**Your task**
Print nothing but the lines below starting at the line that holds "CUELGA ESCOBAS DOBLE CON RODILLOS INOX" and ending at the line that holds "kitchen with appliances", including both, each exactly as written.

**Data for processing**

★ ★ ★ ★

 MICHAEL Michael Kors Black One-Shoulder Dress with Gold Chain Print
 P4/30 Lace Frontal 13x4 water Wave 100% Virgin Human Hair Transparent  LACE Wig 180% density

★ ★ ★ ★

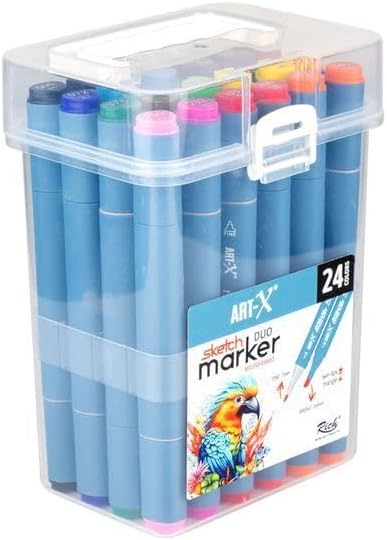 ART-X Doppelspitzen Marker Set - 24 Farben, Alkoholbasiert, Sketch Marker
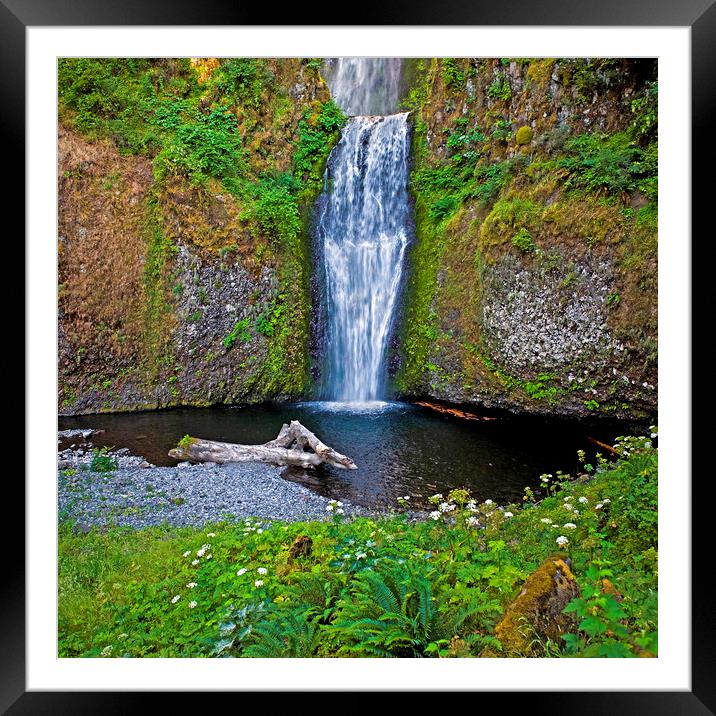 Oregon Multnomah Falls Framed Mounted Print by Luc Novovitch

★ ★ ★ ★

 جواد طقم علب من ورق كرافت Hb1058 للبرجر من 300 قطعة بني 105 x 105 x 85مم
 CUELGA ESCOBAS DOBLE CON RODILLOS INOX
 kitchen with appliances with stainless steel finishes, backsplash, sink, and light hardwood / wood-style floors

★ ★ ★ ★

**Written solution**
 CUELGA ESCOBAS DOBLE CON RODILLOS INOX
 kitchen with appliances with stainless steel finishes, backsplash, sink, and light hardwood / wood-style floors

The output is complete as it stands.